Validation and Comparison of Calibration Techniques for Measurements of Carbon Dioxide in Atmospheric Air Standards ()
1. Introduction
The growing requirements concerning the accuracy of measurements and their traceability and worldwide comparability constitute a considerable challenge for the Brazilian National Metrology Institute (NMI), Inmetro, with its responsibility for ensuring the scientific background for the consistency and accuracy of all measurements in Brazil and South America society.
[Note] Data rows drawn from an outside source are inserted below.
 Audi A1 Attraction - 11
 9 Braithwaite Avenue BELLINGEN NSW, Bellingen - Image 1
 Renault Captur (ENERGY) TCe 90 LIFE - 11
Withal, implementing efficient provisions in order to protect biodiversity and to act against climate change requires an effective and efficient, demand- oriented quality infrastructure (QI). This way, QI with its infrastructure can fulfil obligations laid down in international conventions such as the United Nations Framework Convention on Climate Change (UNFCCC) and use the instruments provided within the scope of the World Trade Organization (WTO). Regional research laboratories over wide will benefit from reliable, accredited measurement and testing capacities which have to be provided to ensure sustainable management.
Carbon dioxide (CO2) the largest contributor to the greenhouse effect, and its concentration in the atmosphere has been monitored using high accuracy techniques, such as gas chromatography, FTIR and cavity ring-down spectroscopy, instead of the established technique used at this type of monitoring―nondispersive infrared gas analyzers (ND-IR). This is need as measurements of CO2 in the atmosphere require that uncertainty in the concentration of reference gas mixtures be lower than 0.1 μmol∙mol−1 [1] .
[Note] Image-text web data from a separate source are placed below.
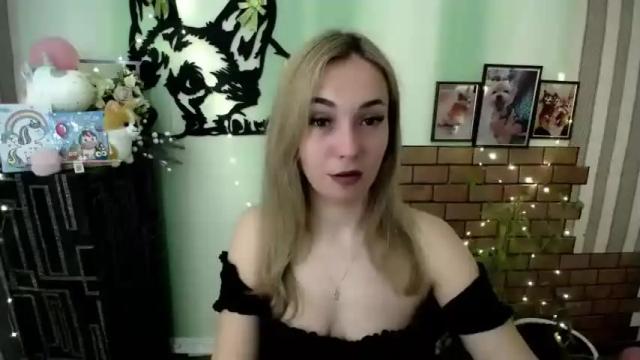 Thumbnail 3, vanessa_joy_'s Stream at Chaturbate, 13 months ago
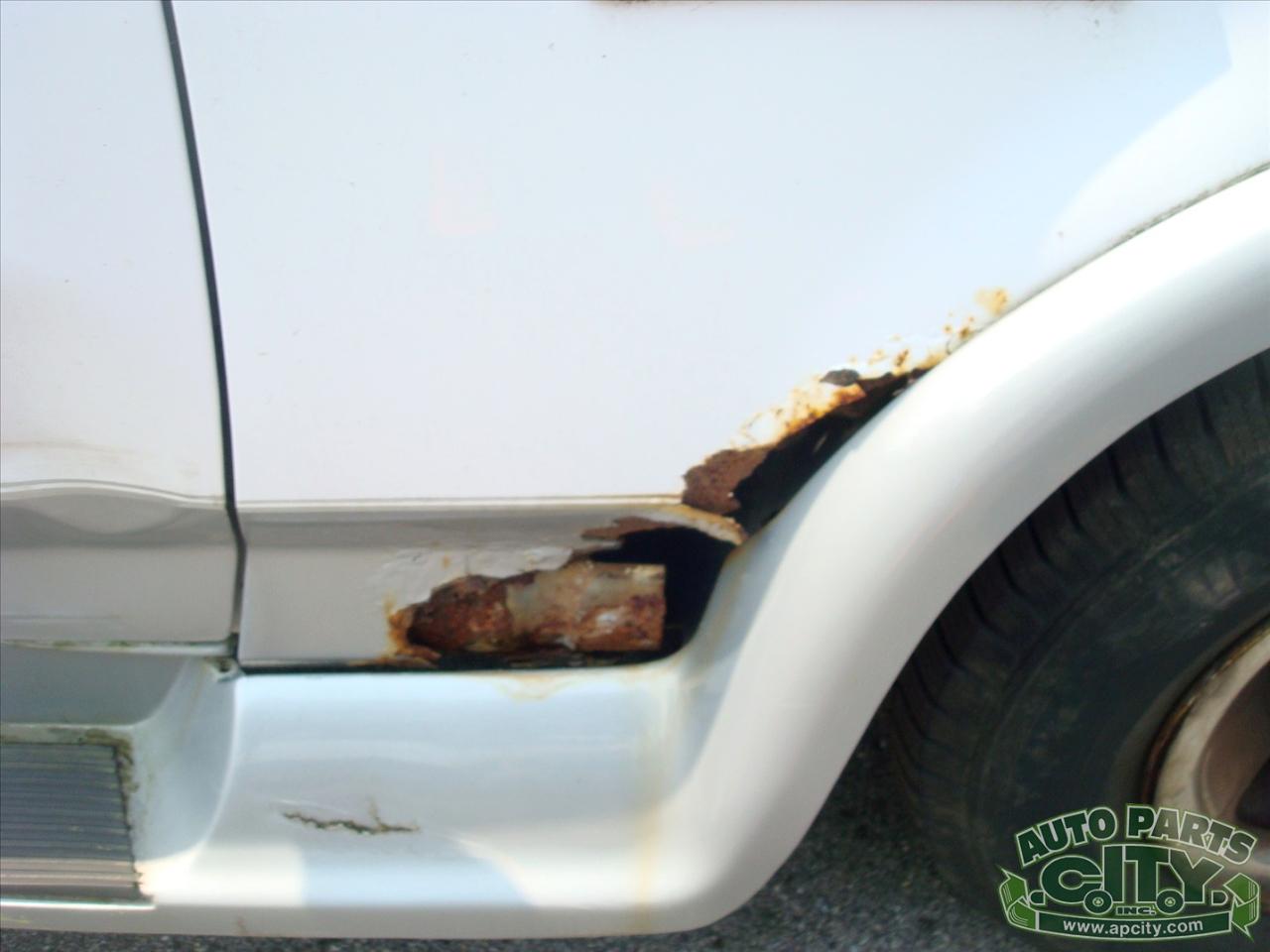 Ford F-150  1996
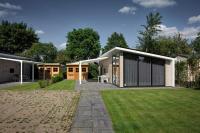 Three-Bedroom Chalet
Aiming to integrate Inmetro’s mission to promote citizens’ quality of life and the challenges of global metrology with regard to air quality analysis, the Gas Analysis Laboratory (Lanag) has been working for the development and certification of mixtures of standard gases destined to atmospheric and air quality monitoring [2] [3] [4] [5] . In this way, the objective of this study is the development of methodologies either by cavity ring down system (CRDS) and by gas chromatography with a flame ionization detector coupled to a methaniser catalyst (GC-FIDmeth), and its posterior comparison of results of method validation. The idea of this work is to evaluate the results of the best technique using primary standard gas mixtures, which are not easily available or widely applied at laboratories that make atmospheric analysis on this type of component. This evaluation is based on the results obtained by the validation of this methods developed by the use of primary standard gas mixtures of carbon dioxide matrix at atmospheric levels in a synthetic clean dry air. Preliminary analysis usually using GC-FIDmeth for this type of gas mixtures standard is presented on a key-comparison analysis―CCQM-K52 [32] , among diverse national metrology institutes that shows an average relative expanded uncertainty of 0.25%, while Inmetro estimated an uncertainty of 1%. Nevertheless, the method after this comparison was optimized. Besides, a new technique, CRDS, was implemented and used to compare the preliminary results. Up to now, there are no studies published on CO2 at atmospheric air standard analysis by this specific spectroscopy technique. In this way, this study is proposed for the quantification of the concentration of carbon dioxide in synthetic clean dry air at a range of 370 to 835 μmol∙mol−1, analyzed by both techniques: GC-FIDmeth and CRDS, of which the methods were validated and compared, in order to provide reliability of this type of measurements regarding analysis of greenhouse gases.
2. Materials and Methods
2.1. Methanizer Gas Cromatography with FID Detector
Low level concentration of atmospheric carbon dioxide must be accurately quantified using methods with the highest sensitivity and the lowest possible detection limit. The flame ionization detector (FID) detects CH4 but CO and CO2 have to be reduced to CH4 to be detected. The reduction is achieved by using a methanizer composed of a catalyst, usually metallic nickel, at high temperature in presence of hydrogen, placed between the analytical column outlet and the detector [6] .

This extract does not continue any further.